In all the speculation leading to Pope Francis's address to the Joint Session of Congress, few expected to hear a sweeping reminder of four exceptional American visionaries -- nothing less than a spiritual Mount Rushmore. Francis said it plainly, "I wish to dialogue with all of you, and I would like to do so through the historical memory of your people."

Just when we really needed it, the Pope calmly restated some basic fundamentals of what constitutes the soul of the American experiment, qualities Abraham Lincoln called "the better angels of our nature." In a time where nativism, fear, harsh political rhetoric, and appeals to religious distrust captivate our media and stain our national discourse, a stranger came amidst us and gently redirected our attention back to, as he said, "Four representatives of the American people."

First invoked was Lincoln, as the protector of American liberty. Next, not surprisingly, was the Pope's praising Martin Luther King, Jr. as the extender and enlarger of those liberties.

The next two names, while likely familiar to many Roman Catholics, were surprising to hear praised in the halls of Congress -- radical activist Dorothy Day, who created the Catholic Worker Movement on behalf of the poor and powerless, and Thomas Merton, a reclusive monk, drawn to the life of a hermit, who paradoxically also lived a life of political engagement and religious dialogue.

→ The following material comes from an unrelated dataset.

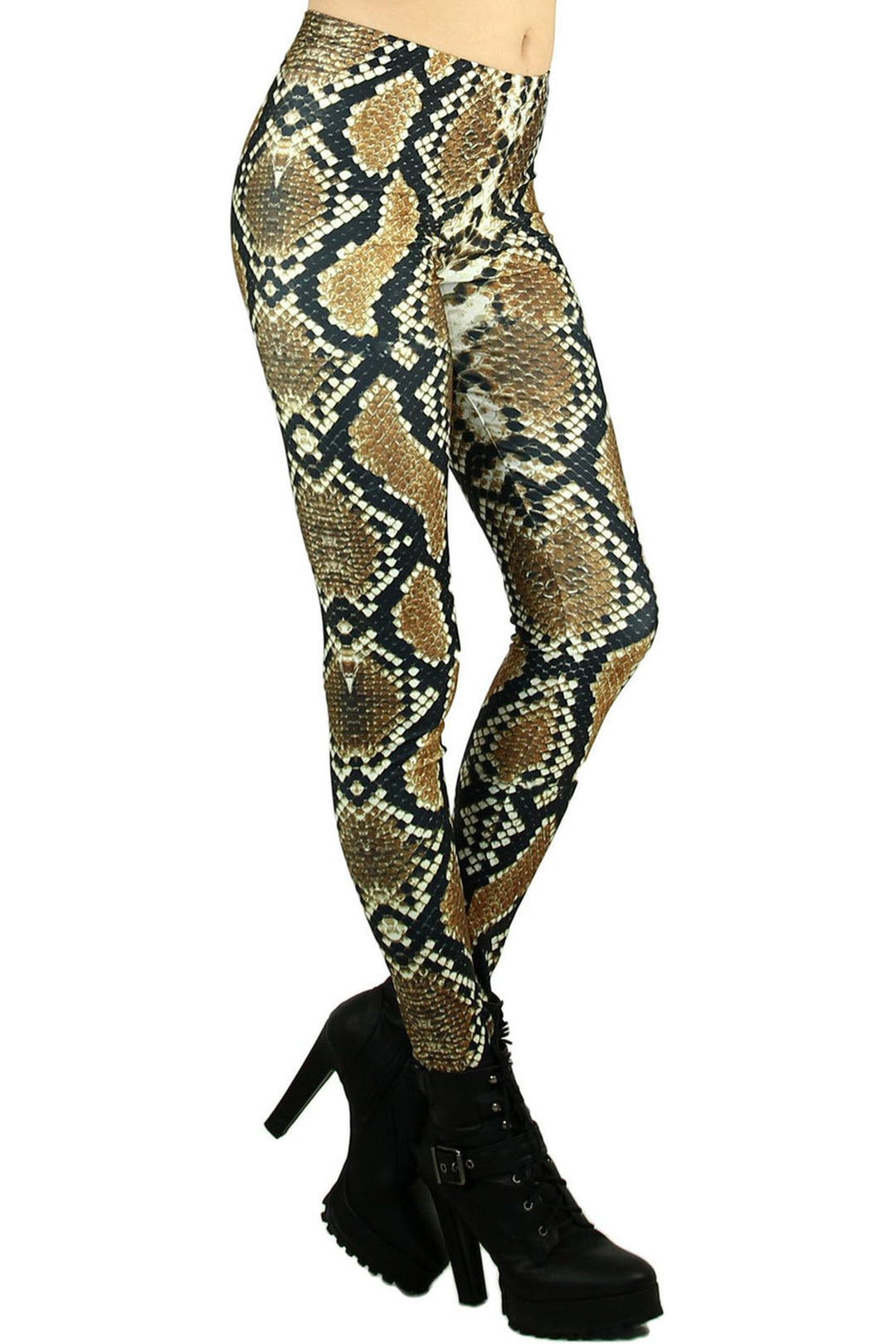 Graphic Printed Sexy Python Leggings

What binds these four citizens is their unrelenting restless engagement with what represents true freedom. Each was controversial in their time (Francis called the resistance they faced "many crisis, tensions and conflicts"), and all were perceived as somehow threatening, upsetting. When Merton died on an Asian interfaith tour, he was confounding those who felt a committed Roman Catholic monk should have nothing to say to Buddhist monks, and that a man committed to living as a hermit should not be loudly condemning the Vietnam war. Dorothy Day was a thorn in the side of the male Roman Catholic hierarchy because of her radical stands, and an equally harsh critic of an economic system that served to grind down the poor.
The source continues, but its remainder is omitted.